As the name implies, it doesn't really matter what you get here, just put lots of their excellent salsa–especially the green one–on it. The menu is similar to Alberto's, but just different enough to warrant its own spot on the list. The kicker? It's open 24×7–so you can get your fatty burrito on at 3 a.m. after you stumble out of the bars in downtown Fullerton.
Mexi-Casa is so old it's rumored to have been started by Father Serra on his church-planting stroll up the coast of northern Mexico. The prices haven't changed in forever, either, and it's far and away the cheapest combo plate. Stick with the usual: enchiladas, chiles rellenos, and tacos, and remember: drink refills are not free at Mexi-Casa, and it's strictly cash only.
6. Mario's Fiesta Maya
Mario's Fiesta Maya is the spiritual home of Bro-Mex, OC's own export of Mexican food. You already know what's on the menu, because it's on the menu everywhere, but instead of kitschy scenes of a Mexico that never existed, it's loud, brash, and full of people whose average age is about 22. It's as much Orange County as Disneyland, surfing the Wedge, and voting for old white Republican men.
5. Little Onion
Ever wonder what a Mexican restaurant circa 1978 looked like? That's Little Onion, a place where the enchiladas are as thin as masa-based crêpes, where the rice and beans are a slightly alarming color but taste like pure heaven, and where you can get an egg put on absolutely anything.

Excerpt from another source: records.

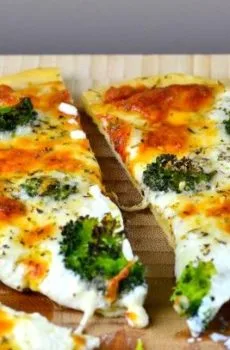 White Broccoli Pizza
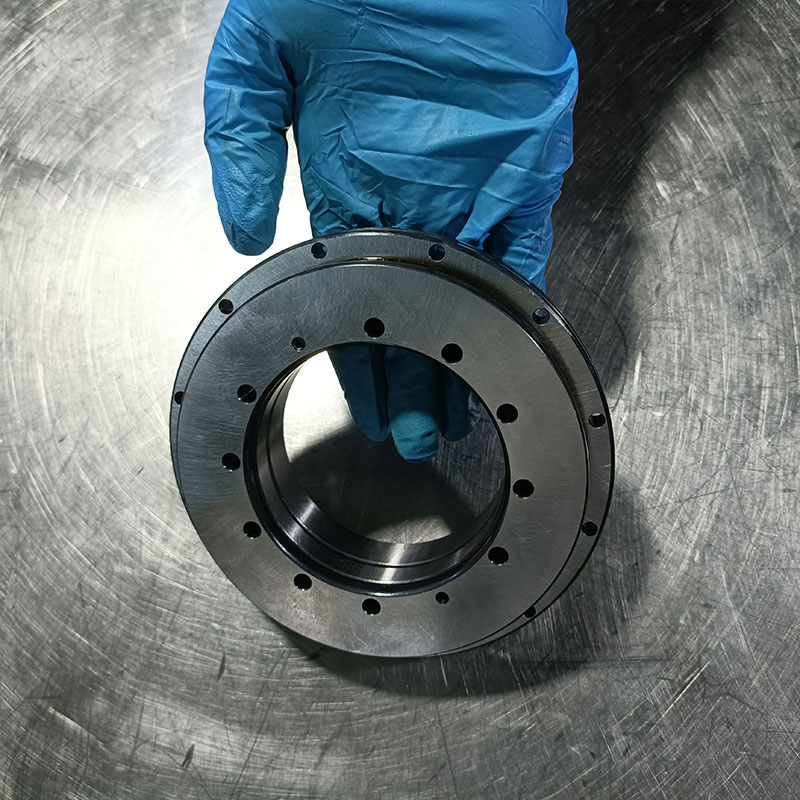 怎樣預防轉(zhuǎn)臺軸承過早損壞？詳解各種注意事項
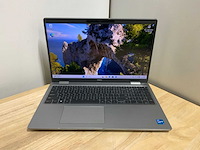 Dell latitude 5520 laptop - afbeelding 1 van  1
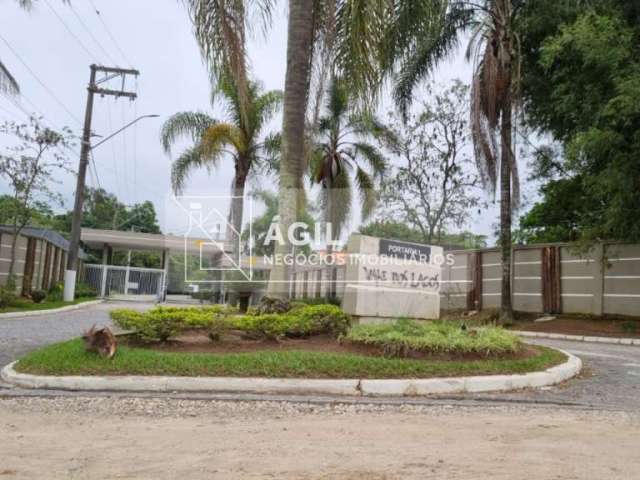 VENDO- Casa a venda em obra no  Condomínio Vale dos Lagos - Jacareí - SP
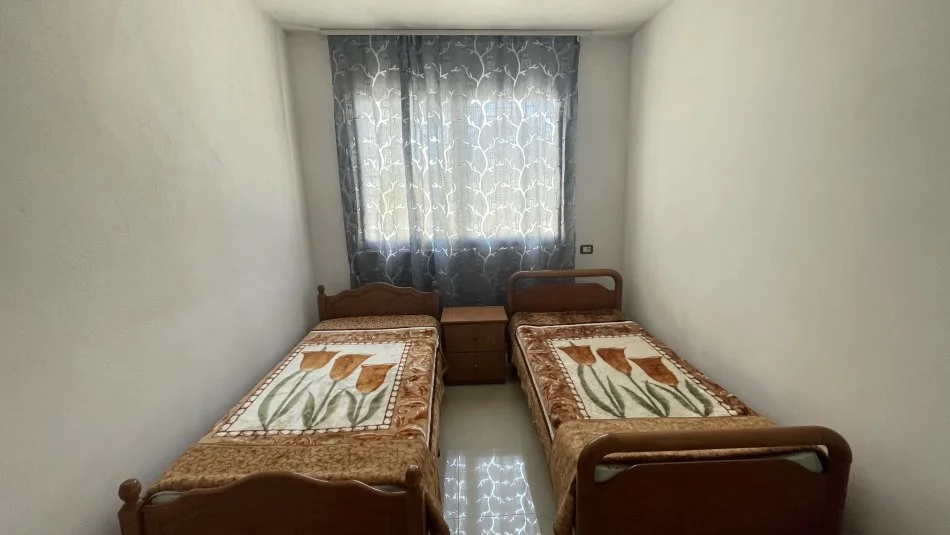 Tirane, jap me qera shtepi 1+1 Kati 1, 50 m² 30.000 ALL (Azem Galica, Tirane)
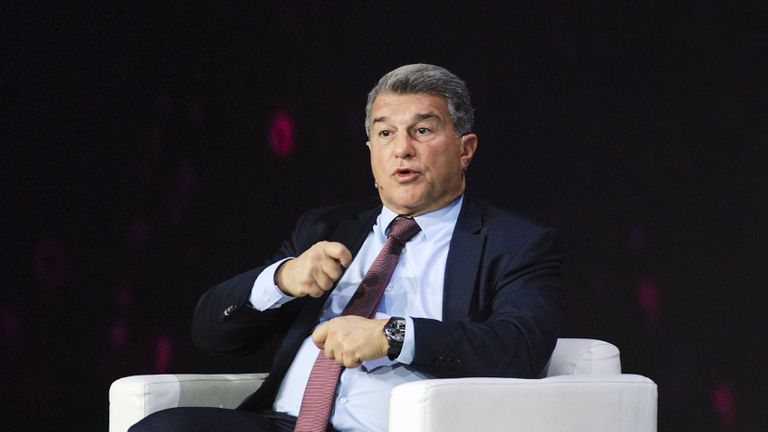  Лапорта не отхвърли опцията някоя от звездите на Барселона да си тръгне 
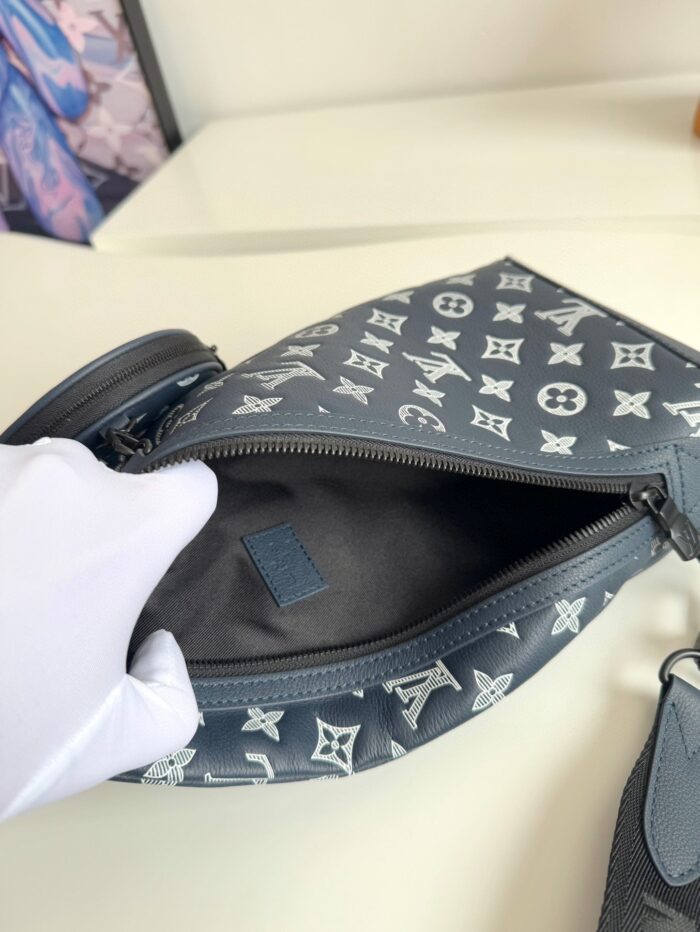 Borsa di lusso grigia con logo iconico e interno elegante, vista dettagliata e cura artigianale.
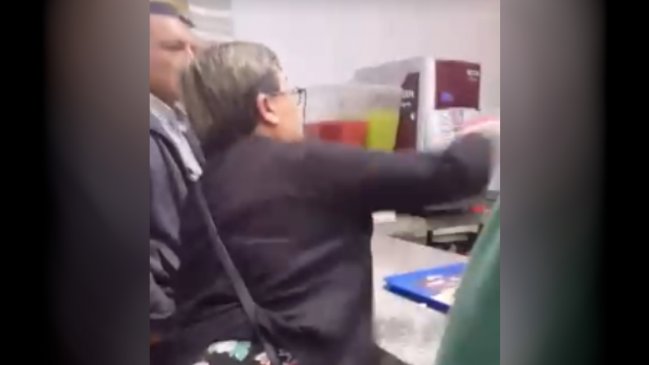 Captan agresión de mujer a trabajadoras de local de comida rápida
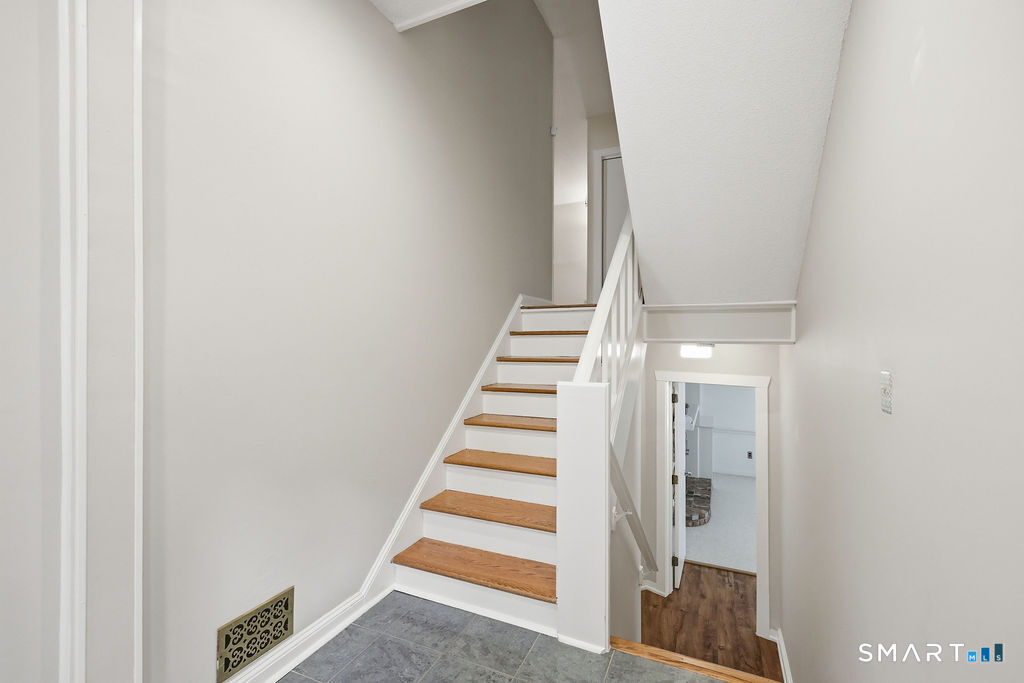 36 Banks Road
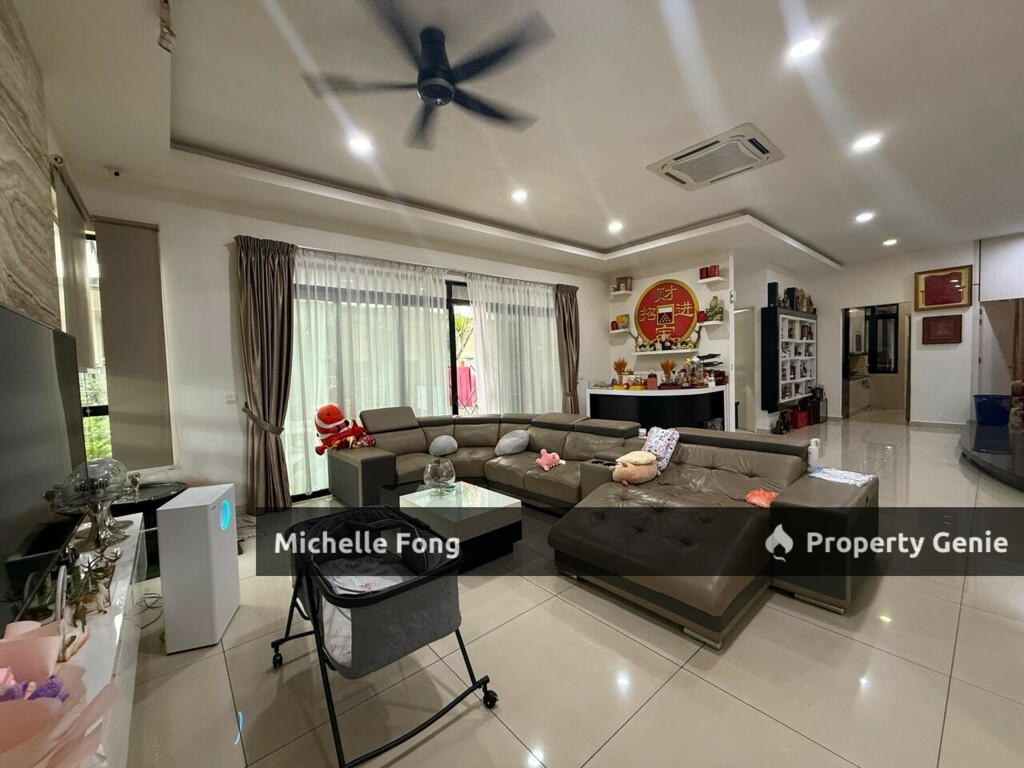 luxury 2-storey house, Johor Bahru property, cluster house for sale, premium house Johor, 5-bedroom house Johor Bahru, luxury homes Johor, real estate Johor Bahru, house for sale JB, Johor Bahru luxury homes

4. Sarinana's Tamale Factory
Despite the fact that Sarinana's has tamales in the name–and the tamales are pretty good–the whole reason anyone goes to Sarinana's is for the hard-shelled tacos. The shredded beef and chicken are great, but the ground beef hard-shelled taco will awaken your mind to what Taco Bell is trying to imitate.
3. El Farolito
Huge platters of crispy carnitas: check. Chips so thick you could build a bridge out of them: check. Awesome beans: check. Self-service (but monitored, don't get any ideas) beer fridge: check. Cheap bill: check. All you have to do is wait for your name to be called.
2. The Entire Al Empire (Alberto's, Alberta's, Albertacos, etc.)
They all have different names, based as they are on the original Roberto's in San Diego, but the menu, prices and signs are the same, whether you're at Alerto's or Albatros. Some are partial to their California burritos, enormous, thick logs of meat and rice and beans and cheese; they're more famous, though, for their carne asada fries (and carne asada nachos). Here's a tip: a half order is plenty for anyone. Seriously.
1. Super Antojitos
When it's not full of students from Santa Ana College across the street, Super Antojitos has soccer matches on, with friendly rivalry between two halves of the restaurant. The chile verde is outstanding–it could be improved only with tortillas hechas a mano–and the combination plates are leagues beyond El Torito and its ilk. The bar is stocked with Victoria, the salsa doesn't need to be spiked with Tapatío, and the service is friendly.